SIROCCO developers derived a phase-resolved wave model from an ocean circulation model SYMPHONIE for the purpose of studying wave-current effects in nearshore zones. One challenge is to adapt the circulation model to the specificities of wave physics. This mainly concerns the consideration of non-hydrostatic effects and the parametrization of wave breaking. The non-hydrostatic pressure is calculated using the artificial compressibility method (ACM). The ACM-induced errors on wave dispersion properties are examined in detail in the context of the linear theory using idealized test cases. The possible compromise between the precision achieved on non-hydrostatic physics and the adjustable CPU cost of the ACM method is looked at in detail. The modification of the wave characteristics by the bathymetric slope and the breaking of waves are then examined from a linear slope beach laboratory experiment. Finally the model is evaluated on the issue of rip currents and their feedback on the wave field using a laboratory experiment of a beach with a bar intersected by channels.

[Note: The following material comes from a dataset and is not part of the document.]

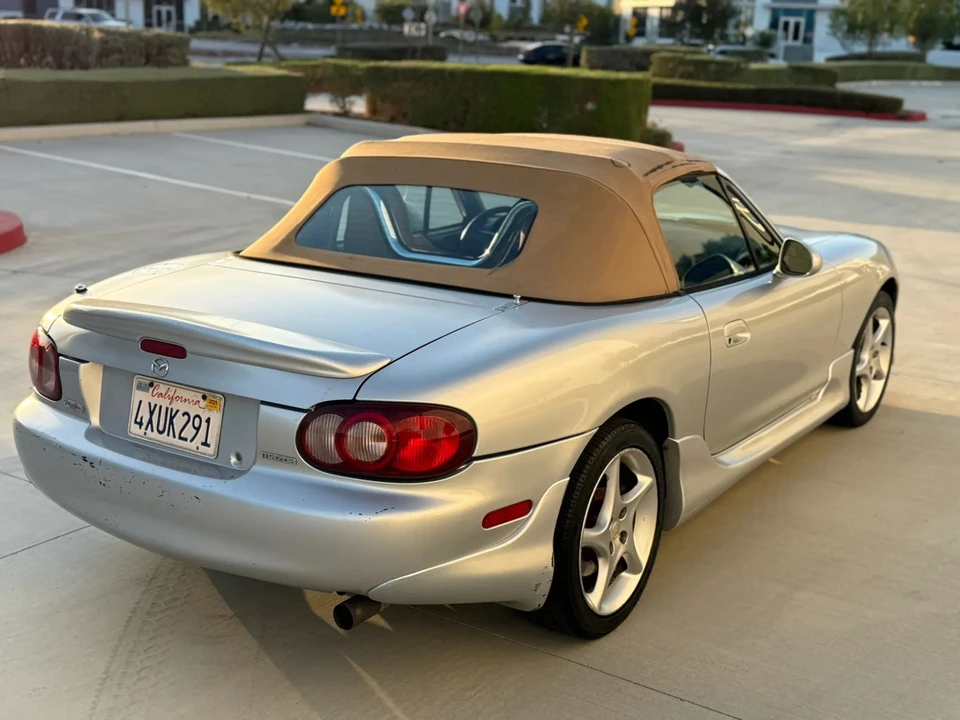 2001 Mazda NB MX-5 Miata - Image 24 of 30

Reference: Marsaleix et al 2019, https://doi.org/10.1016/j.ocemod.2019.02.002

Dynamics of the North Balearic Front during an autumn tramontane and mistral storm: air–sea coupling processes and stratification budget diagnostic
From Seyfried et al., 2019
The North Balearic Front forms the southern branch of the cyclonic gyre in the northwestern Mediterranean Sea. Its dynamics exhibit significant seasonal variability. During autumn, the front spreads northward during the calm wind periods and rapidly moves back southward when it is exposed to strong northerly wind events such as the tramontane and mistral. These strong winds considerably enhance the air–sea exchanges. To investigate the role of air–sea exchanges in the dynamics of the North Balearic front, we used observations and a high-resolution air–sea coupled modelling system. We focused on a strong-wind event observed in late October 2012, which was well-documented during the Hydrological Cycle Mediterranean Experiment. The coupled model was able to correctly reproduce the 4 ∘C sea surface temperature drop recorded in the frontal zone together with the observed southwestward displacement of the front. The comparison between the weak wind period preceding the event and the strong-wind event itself highlighted the impact of the wind regime on the air–sea coupling. During the low-wind period the coupling is thermal and dynamical whereas during the strong-wind period the coupling is mainly thermal. The effect of air–sea exchanges on the stratification variations in the frontal zone was investigated with a stratification budget diagnosis. The stratification variations are controlled by diabatic air–sea buoyancy flux, adiabatic Ekman buoyancy flux, and advective processes. During the strong-wind period, the Ekman buoyancy flux was found to be 3 times greater than the air–sea buoyancy flux and thus played a major role in the de-stratification of the frontal zone. The role of Ekman pumping and inertial wave in the advective processes is also discussed.